*Your objective*: Where a record contains an image, leave the image out and print the rest exactly.

*Data supplied*:
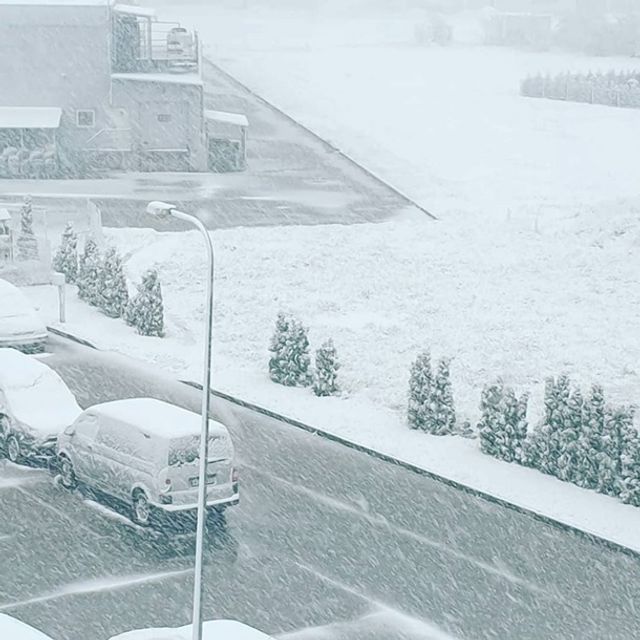 Європу засипало снігом: епічні фото - фото 403546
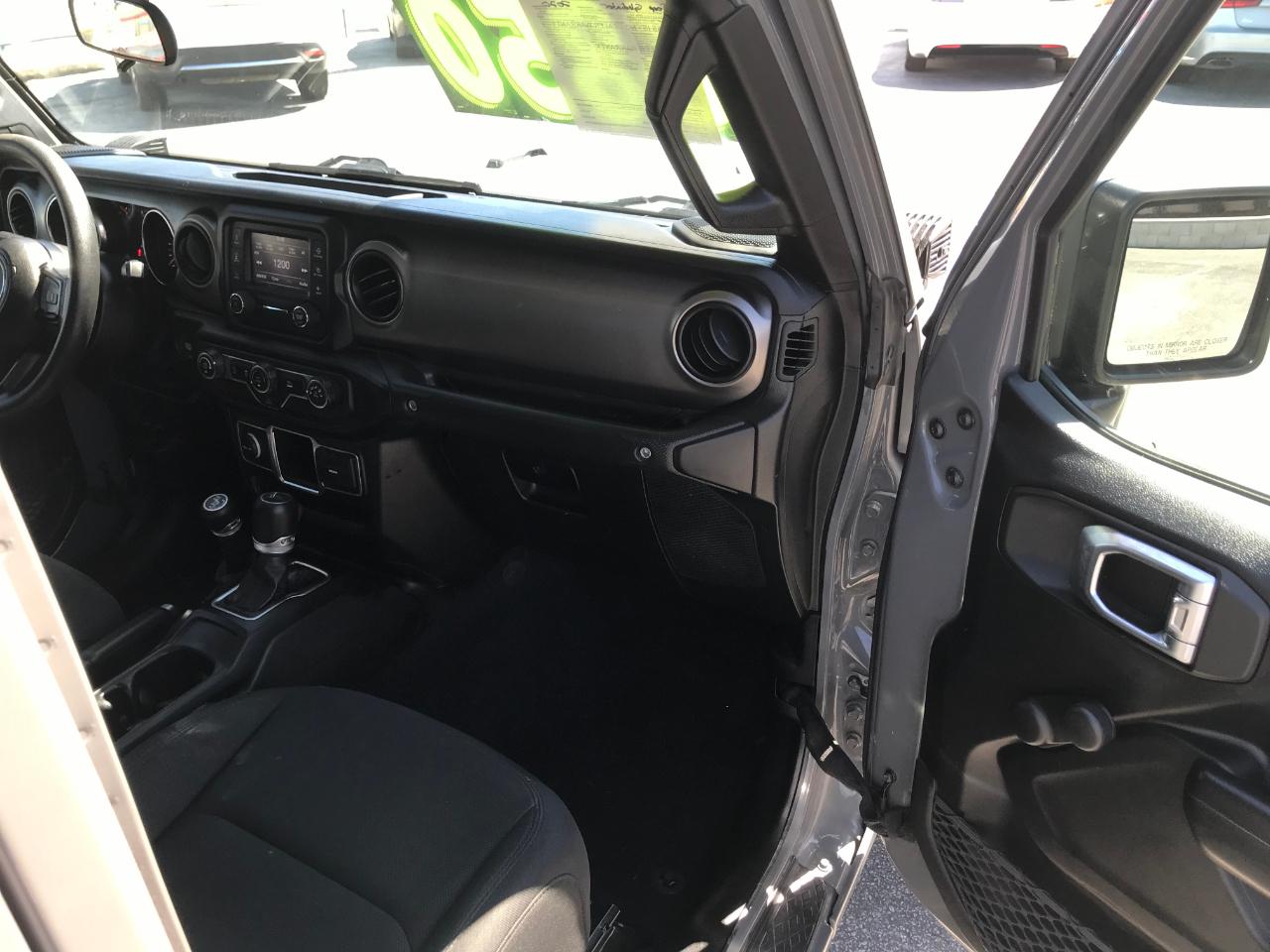 Jeep Gladiator Sport S 2020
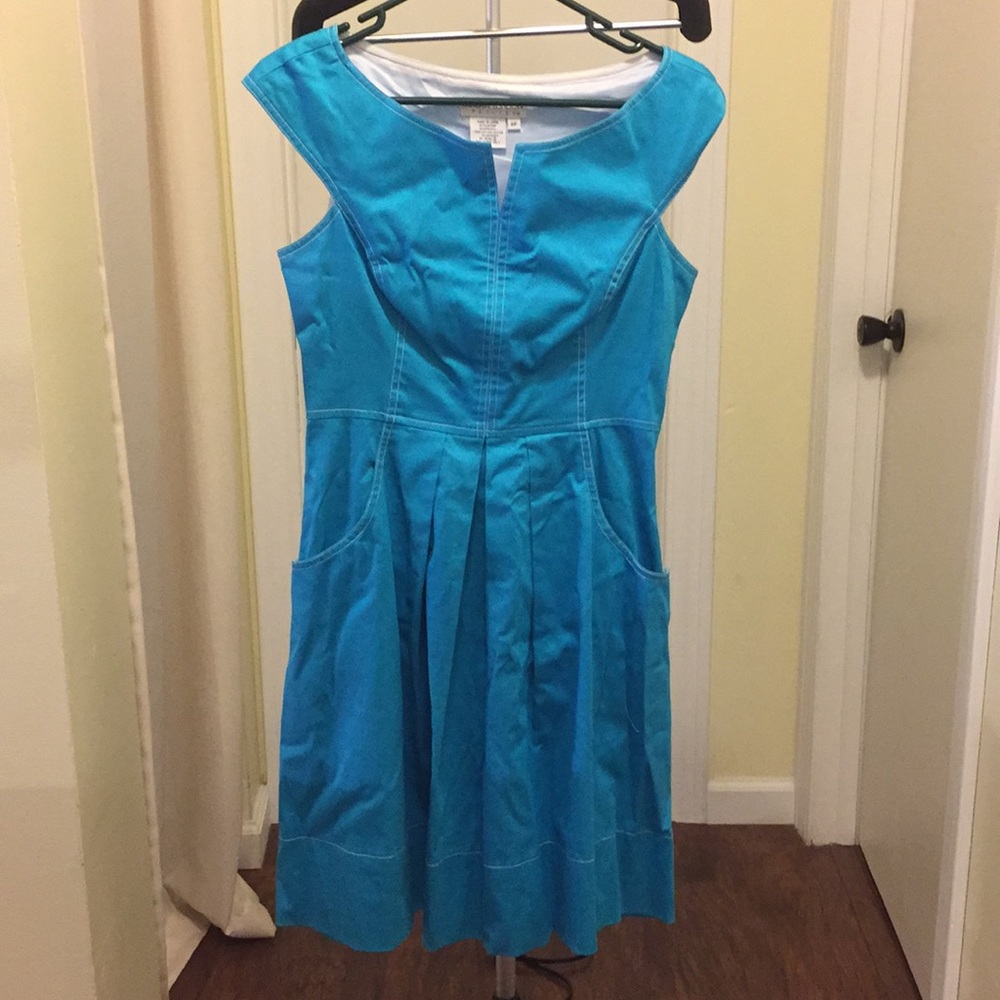Good condition! Bright Maggy London petites dress!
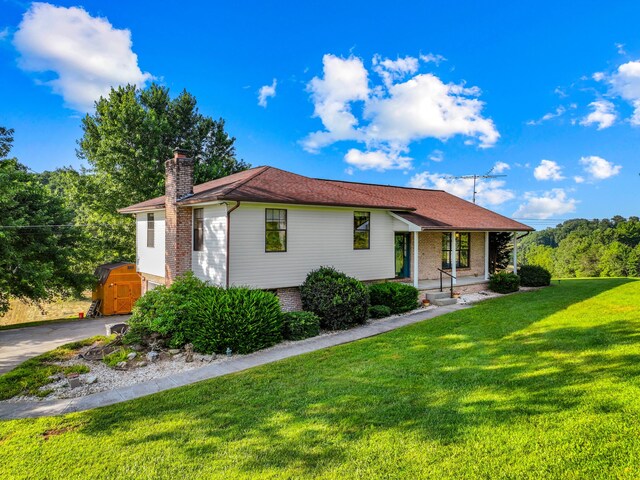 818 Cave Springs Rd, Tazewell, TN 37879 - photo 3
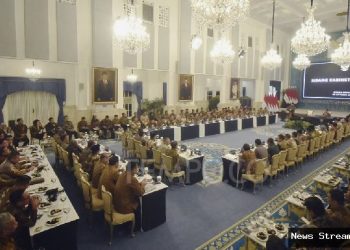 Prabowo Panggil Menteri ke Istana: Bahas Utang Whoosh?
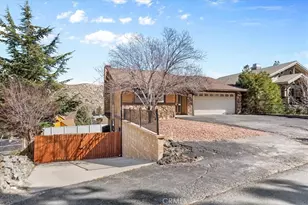 5471 Zurich Dr, Wrightwood, CA 92397 - Photo 5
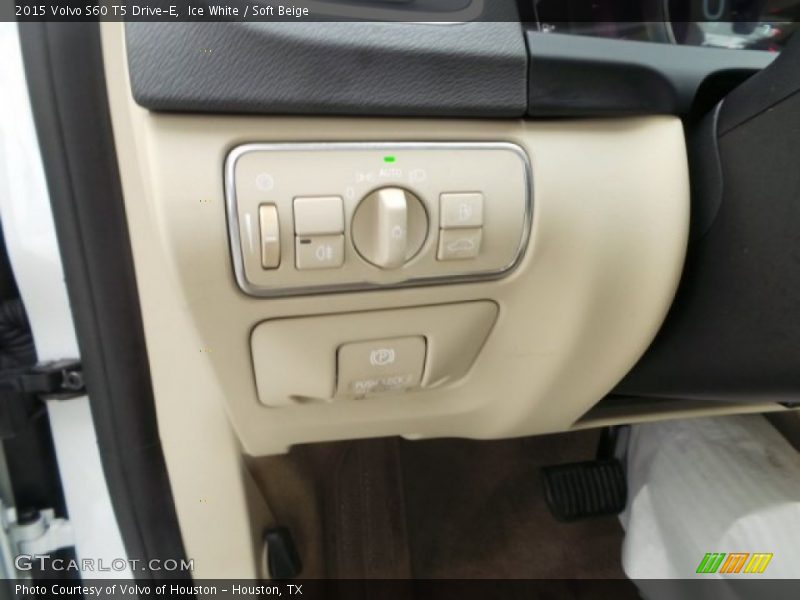Ice White / Soft Beige 2015 Volvo S60 T5 Drive-E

*Exercise answer*:
 Європу засипало снігом: епічні фото - фото 403546
 Jeep Gladiator Sport S 2020
Good condition! Bright Maggy London petites dress!
 818 Cave Springs Rd, Tazewell, TN 37879 - photo 3
 Prabowo Panggil Menteri ke Istana: Bahas Utang Whoosh?
 5471 Zurich Dr, Wrightwood, CA 92397 - Photo 5
Ice White / Soft Beige 2015 Volvo S60 T5 Drive-E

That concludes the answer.